PIONEER GOLD AND PATTERNS
During the mid-19th century and throughout the gold rush of the 1850s and 1860s, several private mints issued gold coins. Today, these fascinating relics of Americana, know as Pioneer Gold, are quite rare.
Patterns are trial or experimental pieces struck as examples of a proposed design. Most of the designs - or patterns - were never adopted for regular issue coins and were struck in very limited quantities.
COLONIALS
These were usually copper pieces struck during the 17th and 18th centuries, serving as circulating coins in the years prior to America's independence. Before the first U.S. mint opened in 1793, the individual states, private coiners, or foreign mints issued the coins used. At least two designs are attributed to Benjamin Franklin.
EUROPEAN GOLD
Classic European gold coinage is an overlooked but extremely promising sector of today's gold market. WE HIGHLY RECOMMEND EUROPEAN GOLD COINS AS AN INTELLIGENT ALTERNATIVE TO MODERN GOLD BULLION for those customers seeking low-priced "bulk gold."
We also offer unusual and extremely high-quality European and World Gold coins for collectors and investors. Much of the information you need in order to learn more about this historical and fascinating sector of the gold market appears below.

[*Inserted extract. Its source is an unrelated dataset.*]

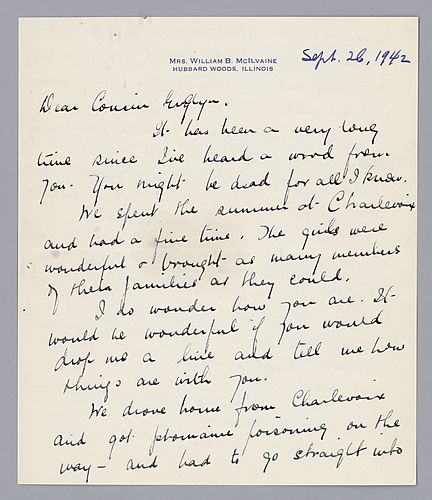 Letter from Julie McIlvaine to Evelyn Morneweck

Among savvy investors, European gold coins are recognized as one of the most advantageous ways to invest in "bulk" gold. Gold coins like British Sovereign "Kings", French 20 franc "Lucky" Angels, and German "Wilhelm II" Gold 20 Marks, to name only a few, offer all of the benefits of gold modern bullion, plus the added leverage to the gold market that comes only with scarce, collectible gold coins.
With so many choices today for the purchase of modern bullion coins, many investors don't even realize that these European gold coins exist! But for almost for the same price per ounce as modern gold bullion, classic European gold coins offer many additional benefits.
And don't forget, with changes in European tax law in 2001, rare coins that trade at 30% above melt value are exempt from value added tax, between 10 and 25% in most European countries.